Monday's vote culminated a long journey for the team, which in recent years had supported – and then rejected – plans to build a new stadium in Anoka County and more recently in Ramsey County's Arden Hills. The Arden Hills plan in fact was still viable at the beginning of the year, but lost steam when Dayton said that only a new stadium in Minneapolis could possibly win legislative approval this year.

Before passage in the House late Monday, members approved changing the deal so that the state pays $105 million less and the Vikings' pay $105 million more. It would share revenue from naming rights for the stadium, rather than let the team have all of that money, and would require that the team pay any cost overruns.
"It's only fair that the public have part of that contribution," Rep. Pat Garofalo, R-Farmington, said of naming rights.

The stadium game is still not complete.

The House vote -- the first of at least three more to come if the measure is to become law -- aired out all the long simmering issues over government subsidies for pro-sports palaces.

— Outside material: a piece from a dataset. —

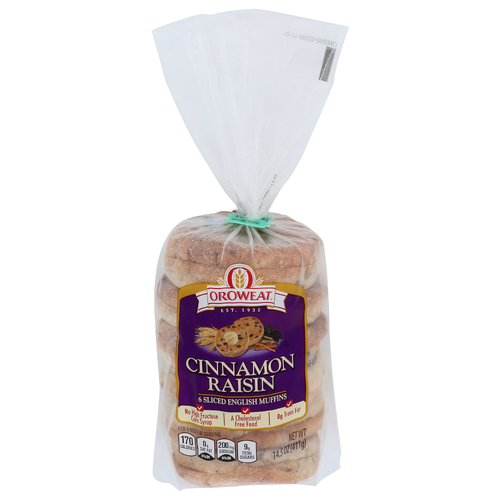 Oroweat English Muffins Cinnamon Raisin - 2.417 Ounce - 6 Count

Those against it complained that it represented misplaced priorities, has an uncertain funding mechanism and helps out a billionaire who doesn't deserve the break.

Those for it said the Vikings are a state asset worth saving, the project would employ job-hungry building trades and would help Minneapolis thrive.

And then there were those who said it is just time just to stop talking and start doing.

"[Time to] get it out of our hair," Rep. Tony Cornish, R-Vernon Center, told colleagues urging a yes vote.